Stored dataset items
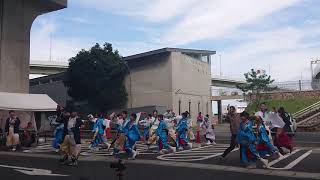 第16回 泉州よさこいゑぇじゃないか祭り 本祭 フリーステージ 夢源風人 2019.10.20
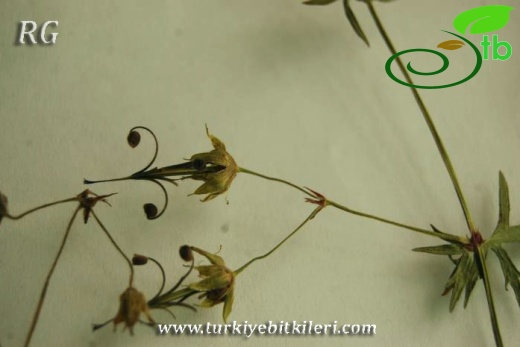 ssp. asphodeloides-Yalova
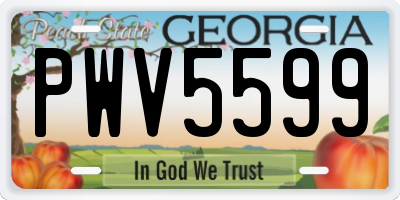 GA license plate PWV5599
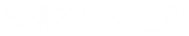 새정치민주연합 흰색 로고타입.png
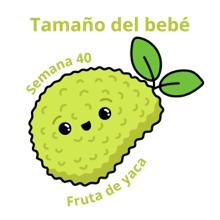 Tamaño del bebé a las 40 semanas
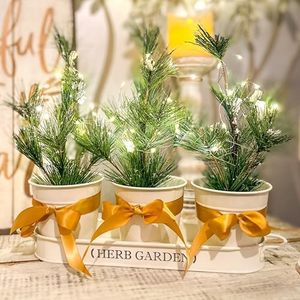 PERFNIQUE Grande jardinière d'intérieur/d'extérieur pour plantes aromatiques Pots de fenêtre en métal pour ferme Plateau de rebord de fenêtre comprenant uniquement une jardinière - Product Image 6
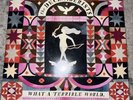 What a Terrible World: What a Beautiful World by Decemberists (Record, 2015)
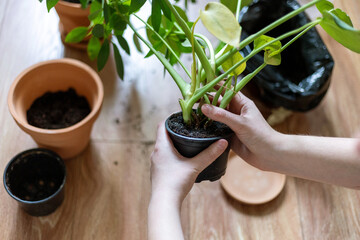 Hands Repotting Indoor Plant into a New Pot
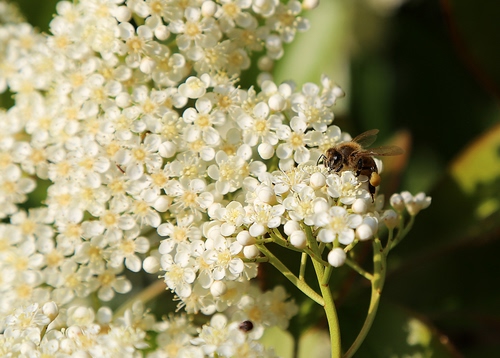 Immagine con ape, fiori, bianco, macro, insetto, verde, fiore, petali, bianchi, rami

• _What this task involves_: Verbatim output of every entry above is required, though pictures are to be left out.

• _Solved exercise_:
 第16回 泉州よさこいゑぇじゃないか祭り 本祭 フリーステージ 夢源風人 2019.10.20
 ssp. asphodeloides-Yalova
 GA license plate PWV5599
 새정치민주연합 흰색 로고타입.png
 Tamaño del bebé a las 40 semanas
 PERFNIQUE Grande jardinière d'intérieur/d'extérieur pour plantes aromatiques Pots de fenêtre en métal pour ferme Plateau de rebord de fenêtre comprenant uniquement une jardinière - Product Image 6
 What a Terrible World: What a Beautiful World by Decemberists (Record, 2015)
 Hands Repotting Indoor Plant into a New Pot
 Immagine con ape, fiori, bianco, macro, insetto, verde, fiore, petali, bianchi, rami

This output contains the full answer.